How advanced a rider are you currently?
I ask because how well you sit, you balance and are quiet a rider is going to make or break whether a animal of this size can carry you safely.
To me, you are going to carry a lot of height = top heavy if you are not a very quiet sitting and moving rider....
How stable are your legs cause you won't have a large barrel to hold that leg length = wobbly stability point of legs... 
How old is this Icelandic and how long do you plan to ride her and keep her?

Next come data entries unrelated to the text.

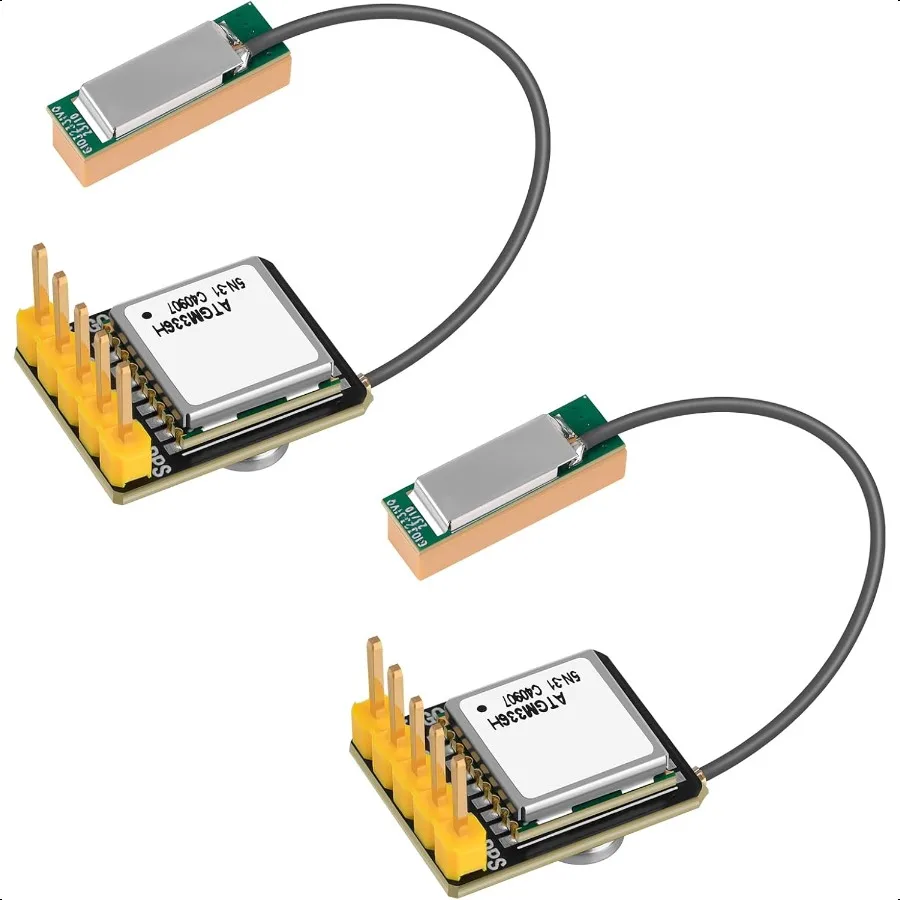 

2 Pack PreSoldered ATGM336H GPS Module GPS BDS Dual Mode Satellite Positioning Navigator with Antenna Replacement NEOM8N for Me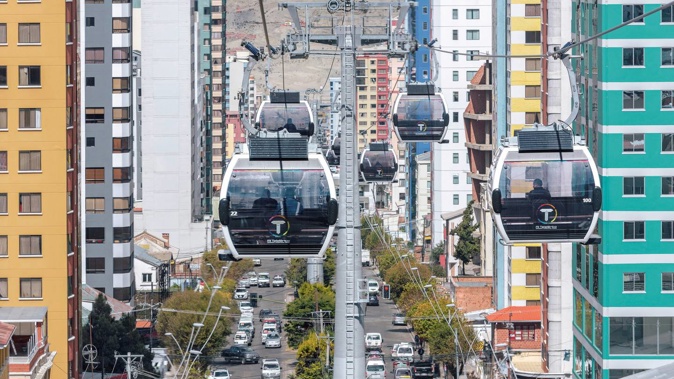 A Doppelmayr gondola La Paz, Bolivia. Picture / Supplied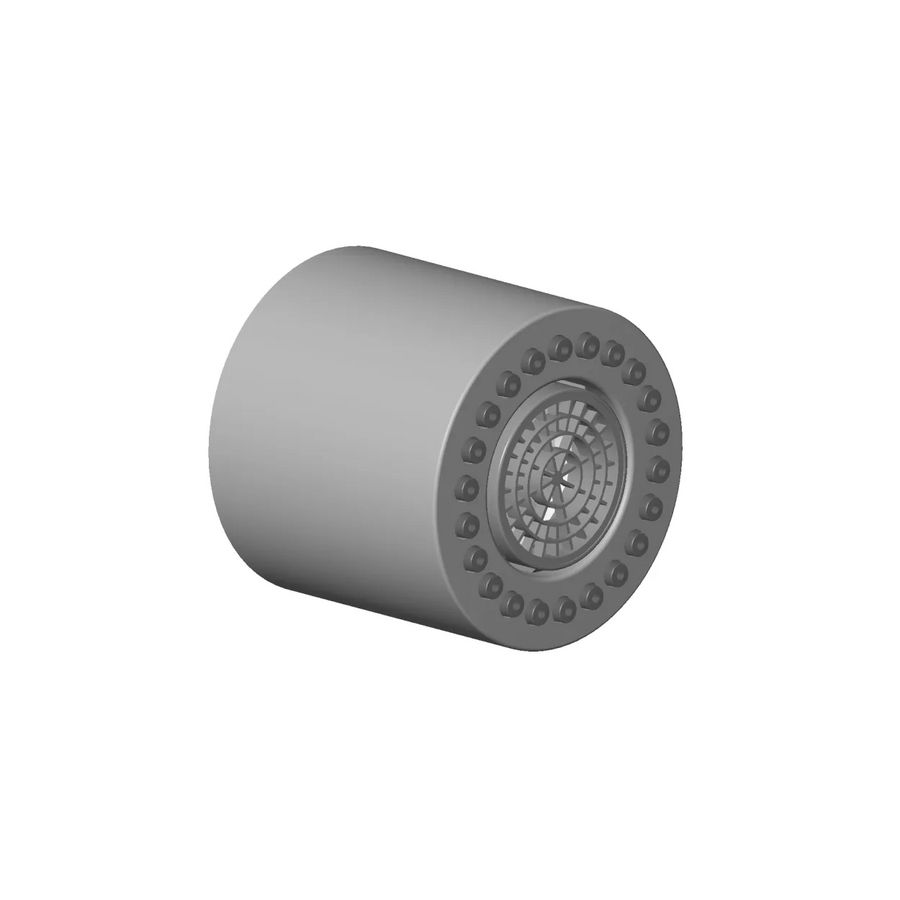 Perlator Kopstuk 26x32mm, 8l/min. Messing gebors. (23kt Go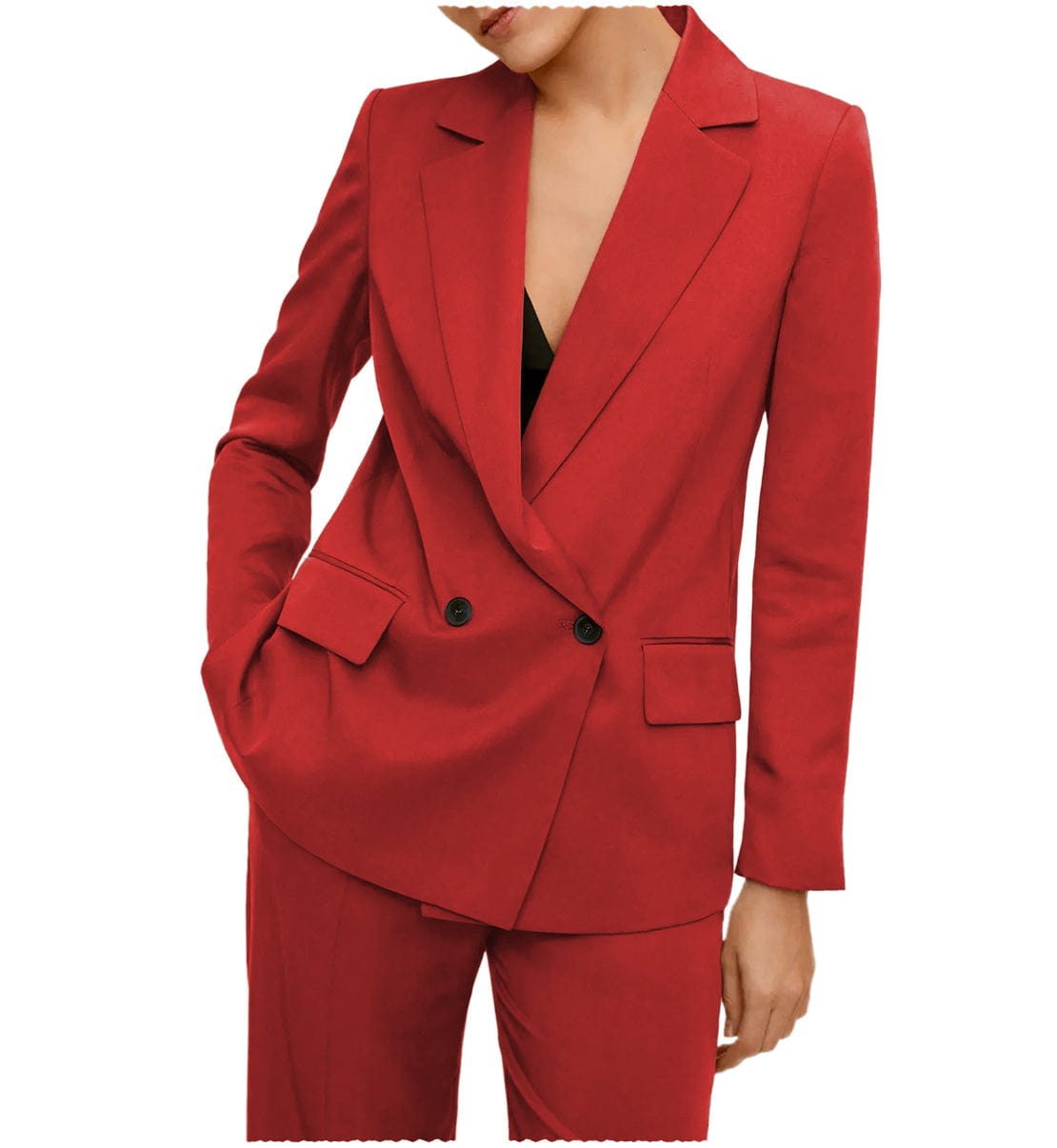 2 Pieces Double Breasted Peak Lapel Women Suit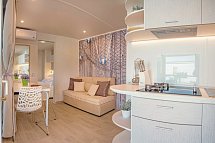 Valamar Camping Baska - Wohnbeispiel Mobilheim Marena Home für 4 plus 2 (Zimmercodierung CM1)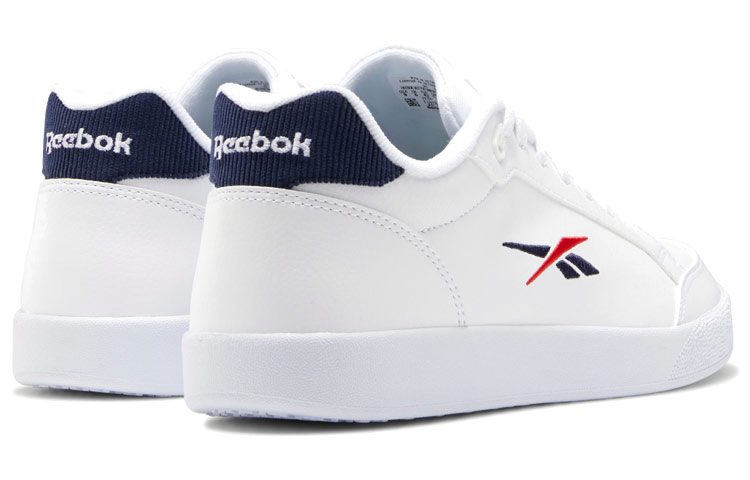 Shop Reebok Vector Smash 耐摩防滑平衡 低筒休閒板鞋 白藍紅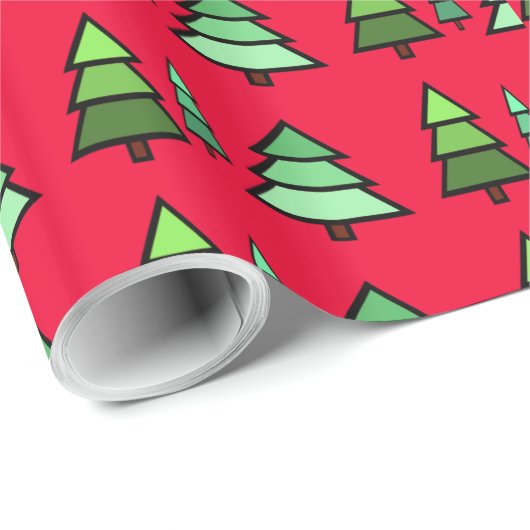 Weihnachtsbaumwrapping Paper Geschenkpapier (Rolleneckpunkt)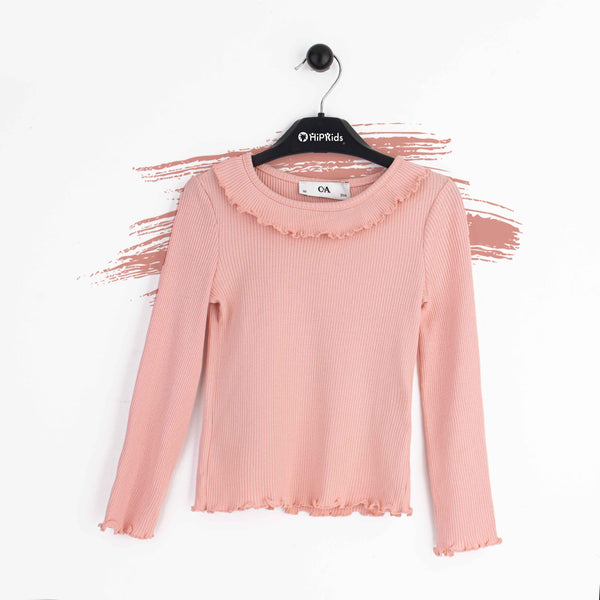 C.A Baby Girl Full sleeves Frill Style T-Shirt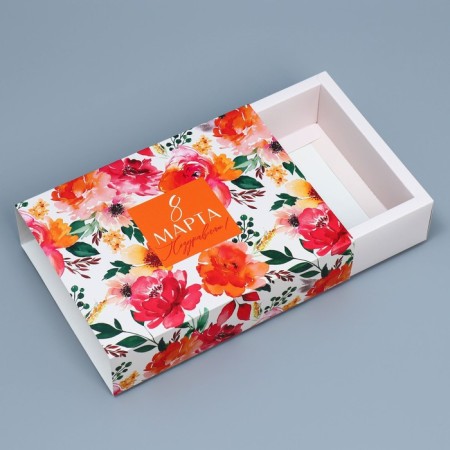 Confectionery box, Watercolor packaging, March 8, 20 x 15 x 5 cm-1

To me it isn't really can she but should she...
Should she be made to carry your height and weight that puts her at a disadvantage...
Should you limit yourself in what you are going to be able to do with this animal as trails that are challenging may be to challenging for your mount carrying your height and weight...

This is not a cut and dry answer but a, "it depends on many things..." to me.
I find large men riding small horses of any breed a bit disturbing to me...it isn't the today, but the years down the road as the excess takes its toll on the animal.
That is my opinion. I'm sure others will have differing and that is what makes a forum like this work...sharing viewpoint and being exposed to other thoughts to learn from. 
🐴...


----------



## AragoASB (Jul 12, 2020)

Icelandic horses and horse meat- Surplus horses are eaten in Iceland. People apparently, like many Europeans, do not have the horse meat phobia that Americans have. The cattle in Iceland are mostly dairy cattle. Besides having pony-like conformation, the surplus horse males and and fillys are apparently sold for meat.
http://kjotbokin.is/wp-content/themes/kjotbokin/docs/icehorse.pdf

Although I am a normal BMI weight, I myself would not ride a horse with my ankles and shins hanging far below the barrel no matter what the breed. There is just something wrong with that picture. And how are you supposed to give cues when riding then your leg is far below the girth? Also, when the backside of the human is as wide or wider than the backside of the horse what is wrong with this picture?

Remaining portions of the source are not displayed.